Select three texts that differently employ the musical instrument metaphor to theorize authorial agency and/or the origins of inspiration. In each case, what does the instrument imply about the role of creative agent in acts of artistic representation?  

CLASS STRADDLERS

Charles Booth’s late-century classification (1886-1903) of “London poverty” describes the nation’s working class as divisible into eight sub-classes. This taxonomy stratified the urban poor by occupation, income, food intake, and character, ranging from the “lowest class” of “savages” to the upper-middle “servant-keeping class.” Yet class, as the literature of the period demonstrates, can hardly be boiled down into neat categories. Victorian authors depict characters that seem to straddle class identities and, in doing so, challenge and at times perpetuate class stereotypes. These depictions can also, as the current influx of scholarship on nineteenth-century socialism would remind us, work to expose the failures of capitalism and industrialization.   

Select three pieces of nineteenth-century literature portraying characters or groups of people who queer class boundaries. Why do each of these authors trouble taxonomies of class and what do these characters tell us about contemporaneous class-informed norms and prejudices?

WONDER

The Victorian period is commonly characterized as an “age of doubt,” a century experiencing a “crisis of faith.” Indeed, as Thomas Carlyle argues in his Sartor Resartus (1833), the Christianity of England’s past seemed, in the nineteenth century, an ill-fitting garment. And yet Carlyle’s philosopher of clothes, Professor Teufelsdrock, “insists on the necessity and high work of universal Wonder” (53). With recent calls to turn scholarly attention toward religion and secularism, historians and literary critics have looked to the nineteenth century’s complex re-workings of what it means to wonder and believe. 

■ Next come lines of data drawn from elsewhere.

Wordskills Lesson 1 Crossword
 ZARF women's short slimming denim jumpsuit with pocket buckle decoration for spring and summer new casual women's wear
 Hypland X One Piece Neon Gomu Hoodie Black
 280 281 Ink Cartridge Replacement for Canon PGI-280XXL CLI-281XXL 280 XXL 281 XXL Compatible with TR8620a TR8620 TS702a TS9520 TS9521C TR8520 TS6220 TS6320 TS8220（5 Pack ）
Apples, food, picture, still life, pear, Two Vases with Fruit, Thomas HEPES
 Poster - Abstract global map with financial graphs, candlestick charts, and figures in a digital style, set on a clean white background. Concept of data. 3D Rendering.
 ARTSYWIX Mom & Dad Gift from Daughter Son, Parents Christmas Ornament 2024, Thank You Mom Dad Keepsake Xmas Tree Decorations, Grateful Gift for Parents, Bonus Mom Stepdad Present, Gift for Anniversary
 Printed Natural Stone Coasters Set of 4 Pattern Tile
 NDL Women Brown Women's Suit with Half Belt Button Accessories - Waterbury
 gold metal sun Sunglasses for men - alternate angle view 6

Identify a three-year period during which you think writers, as well as Victorian society more generally, found urgent the task of reconciling scientific discovery with a desire for and value of wonder. Select one text from each of the three years. How do these texts converse with each other, as well as with their sociocultural context, on issues of wonder and belief in relation to (not necessarily opposed to) discourses of Victorian “discovery”—in the realms of science, technology, and empire?